§ **Work task**: The material below holds pictures, which are to be left out; copy exactly the lines from the one with "Now the RF value" through the one with "The Auto Format".

§ **Task inputs**:
== == ==

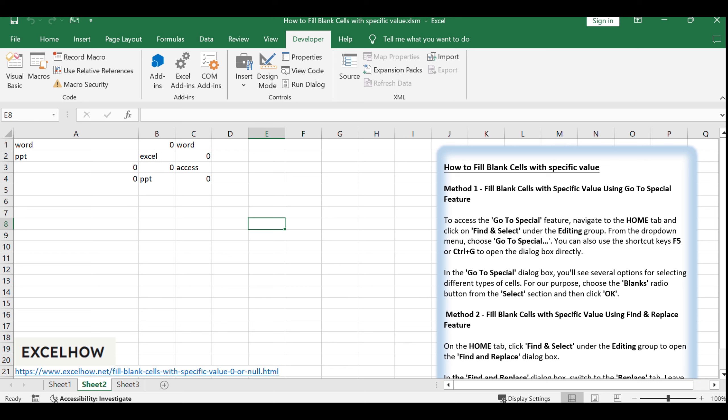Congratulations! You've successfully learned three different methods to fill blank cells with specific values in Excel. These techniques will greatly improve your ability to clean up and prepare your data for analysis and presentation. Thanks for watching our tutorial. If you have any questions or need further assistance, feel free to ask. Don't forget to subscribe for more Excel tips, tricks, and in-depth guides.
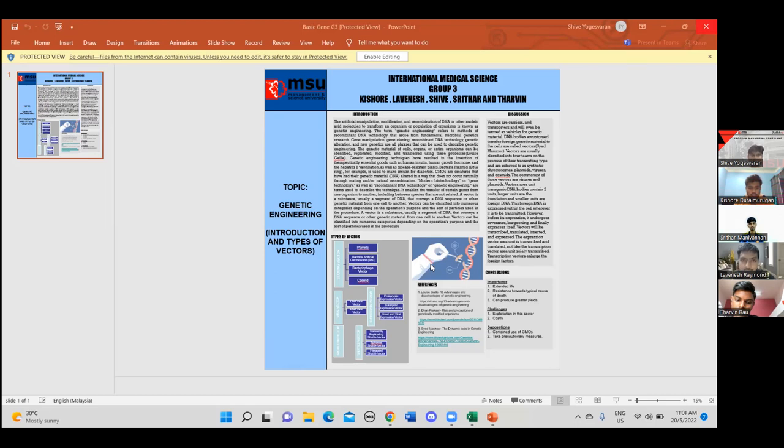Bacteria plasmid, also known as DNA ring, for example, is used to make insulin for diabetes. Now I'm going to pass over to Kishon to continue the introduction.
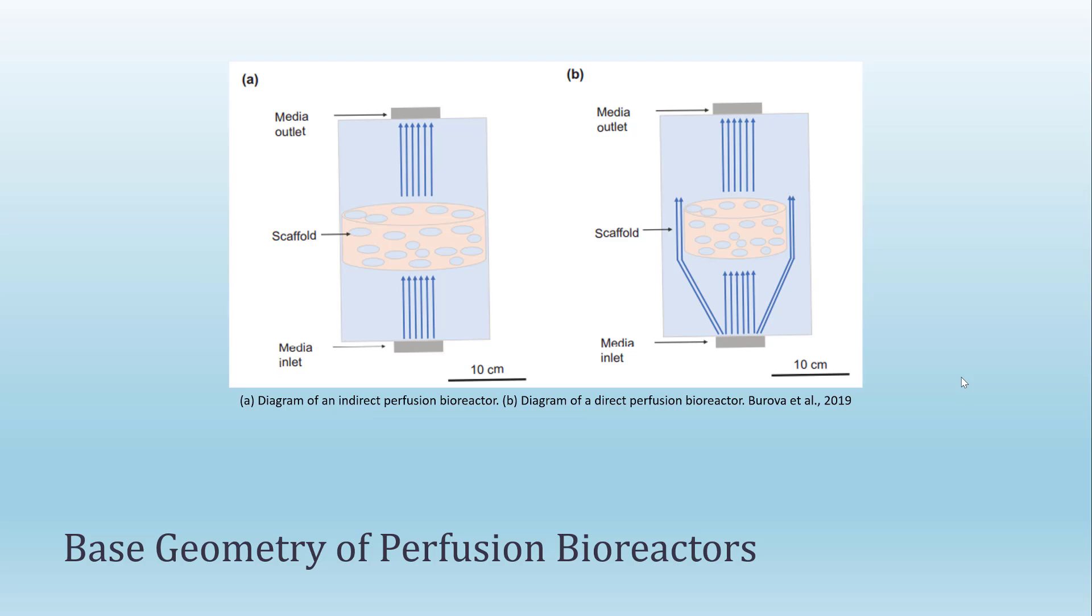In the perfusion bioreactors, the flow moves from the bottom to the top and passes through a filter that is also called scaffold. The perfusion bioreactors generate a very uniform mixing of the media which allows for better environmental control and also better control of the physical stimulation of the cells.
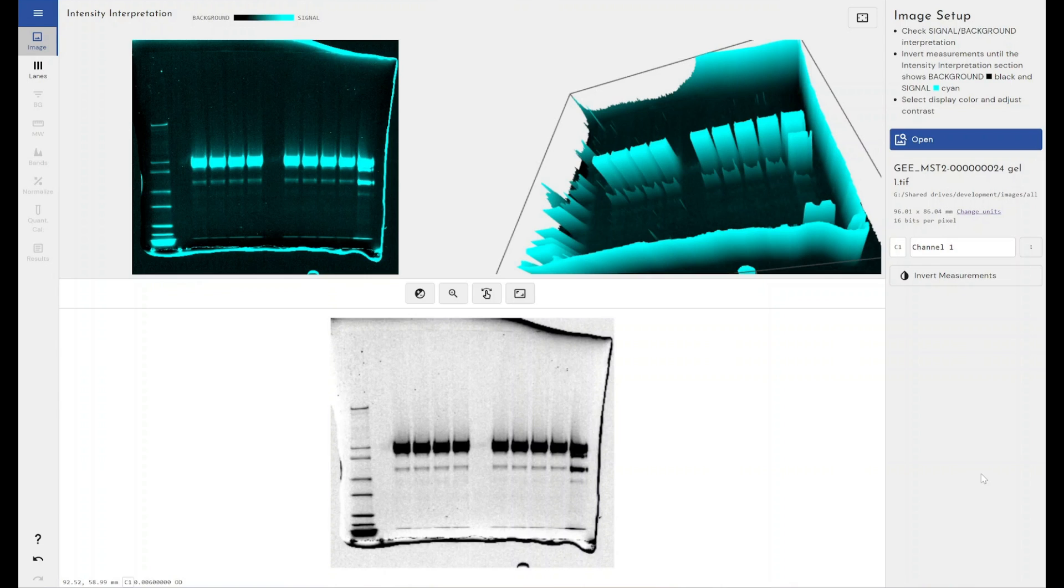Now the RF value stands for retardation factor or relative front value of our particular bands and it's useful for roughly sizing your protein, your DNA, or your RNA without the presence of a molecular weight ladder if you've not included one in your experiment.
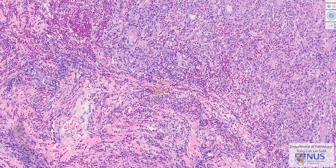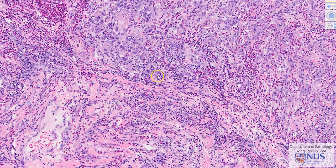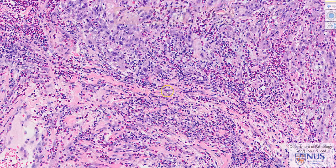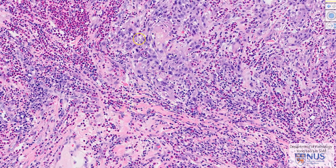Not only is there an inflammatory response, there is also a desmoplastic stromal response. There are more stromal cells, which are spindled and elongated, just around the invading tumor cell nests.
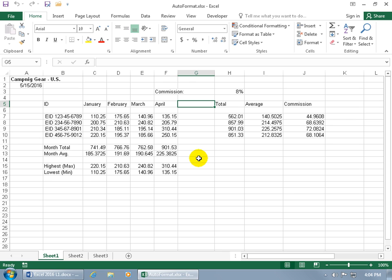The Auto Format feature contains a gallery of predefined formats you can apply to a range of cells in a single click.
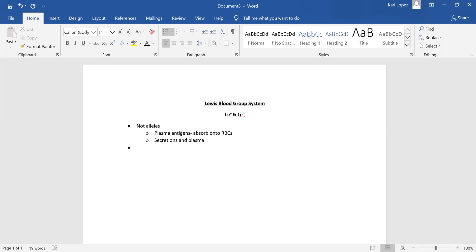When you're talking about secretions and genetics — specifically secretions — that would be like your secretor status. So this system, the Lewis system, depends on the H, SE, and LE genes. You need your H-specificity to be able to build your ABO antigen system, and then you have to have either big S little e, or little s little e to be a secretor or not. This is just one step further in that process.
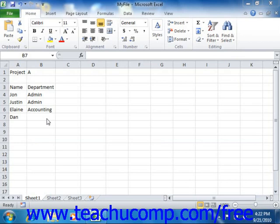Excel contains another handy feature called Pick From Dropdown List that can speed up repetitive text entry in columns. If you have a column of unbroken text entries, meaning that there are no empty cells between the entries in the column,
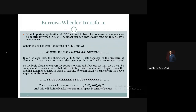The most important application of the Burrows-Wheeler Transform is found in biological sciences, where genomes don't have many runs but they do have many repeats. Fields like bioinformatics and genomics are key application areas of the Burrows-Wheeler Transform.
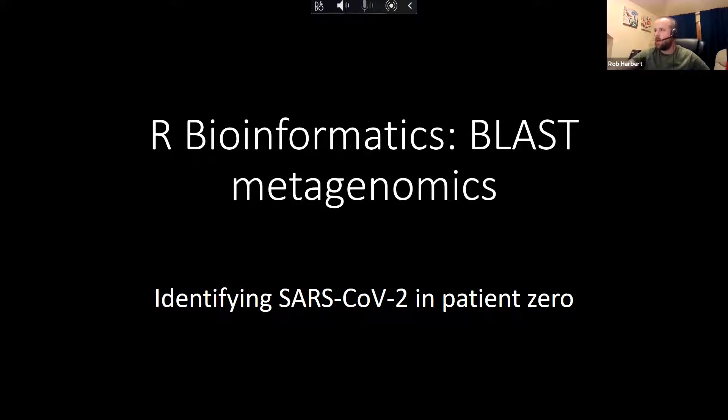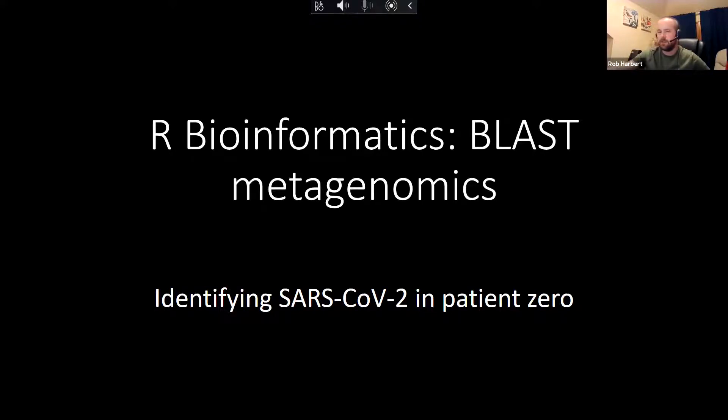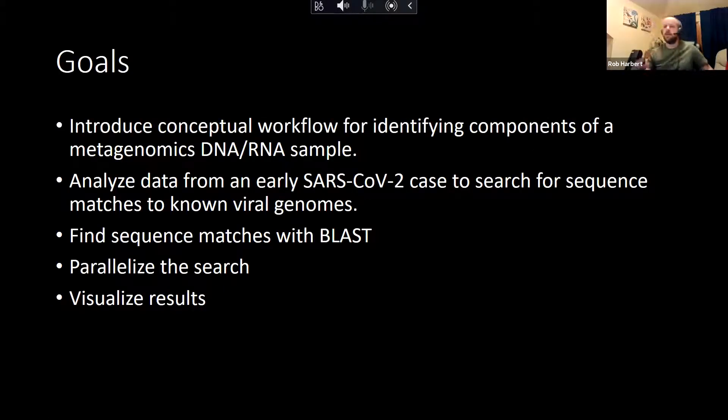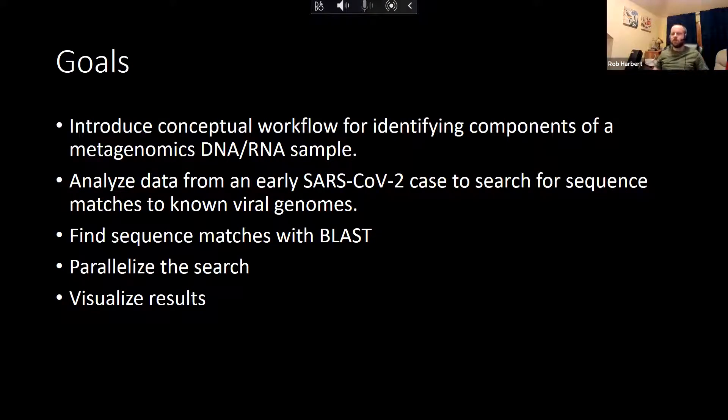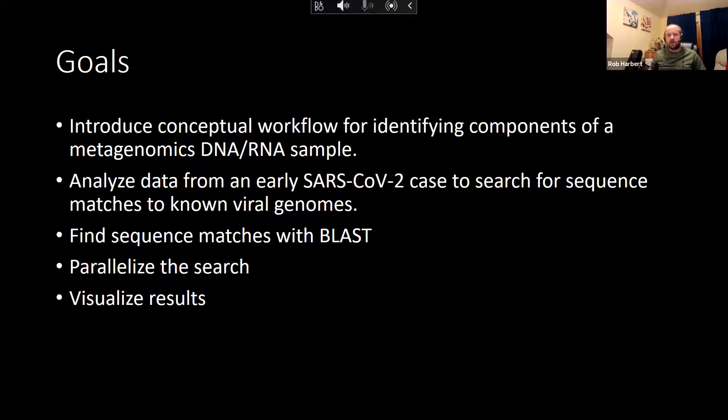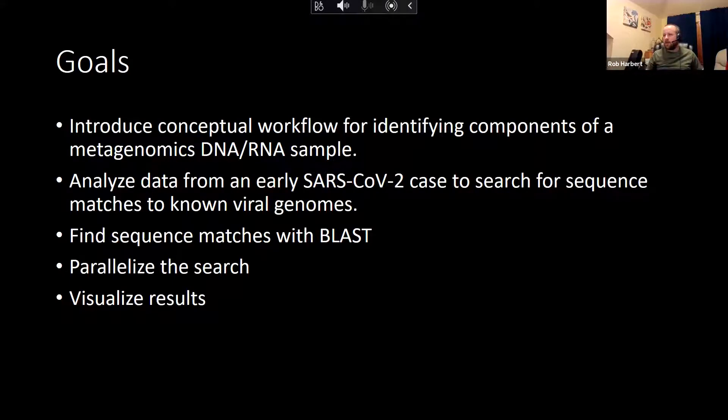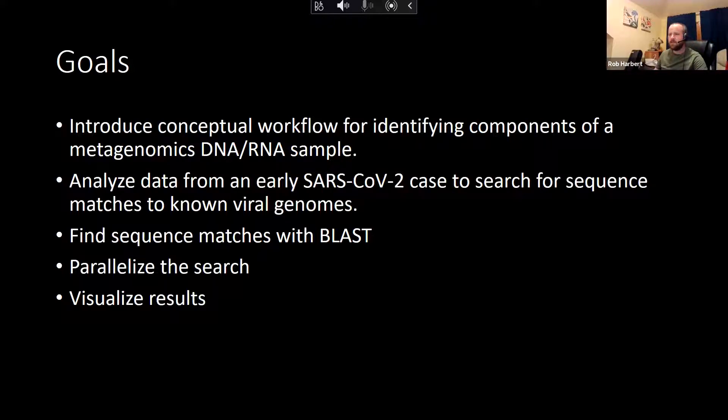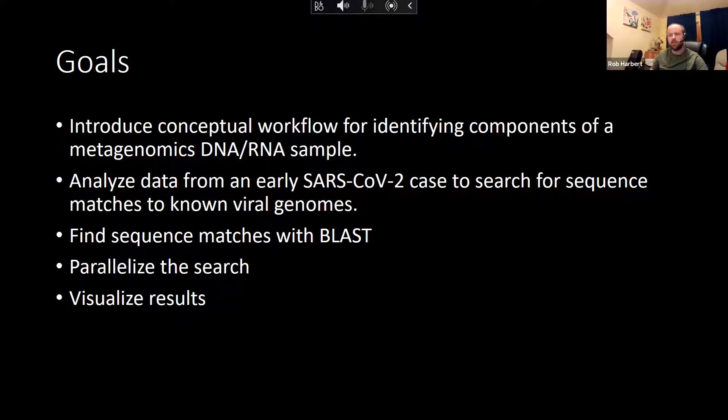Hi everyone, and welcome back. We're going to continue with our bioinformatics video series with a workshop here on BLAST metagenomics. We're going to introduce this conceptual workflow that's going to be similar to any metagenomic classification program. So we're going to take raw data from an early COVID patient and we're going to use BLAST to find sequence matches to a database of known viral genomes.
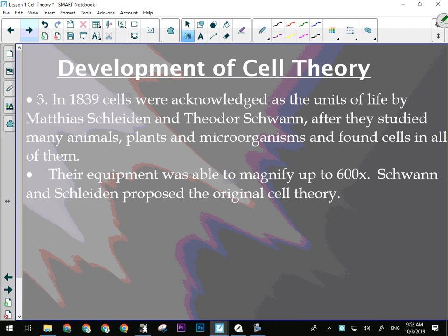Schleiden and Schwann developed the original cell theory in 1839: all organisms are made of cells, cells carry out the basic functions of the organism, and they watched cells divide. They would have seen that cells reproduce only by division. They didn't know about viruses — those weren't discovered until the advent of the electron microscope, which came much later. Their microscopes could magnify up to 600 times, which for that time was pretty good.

== == ==

§ **Solved problem**:
Now the RF value stands for retardation factor or relative front value of our particular bands and it's useful for roughly sizing your protein, your DNA, or your RNA without the presence of a molecular weight ladder if you've not included one in your experiment.
Not only is there an inflammatory response, there is also a desmoplastic stromal response. There are more stromal cells, which are spindled and elongated, just around the invading tumor cell nests.
The Auto Format feature contains a gallery of predefined formats you can apply to a range of cells in a single click.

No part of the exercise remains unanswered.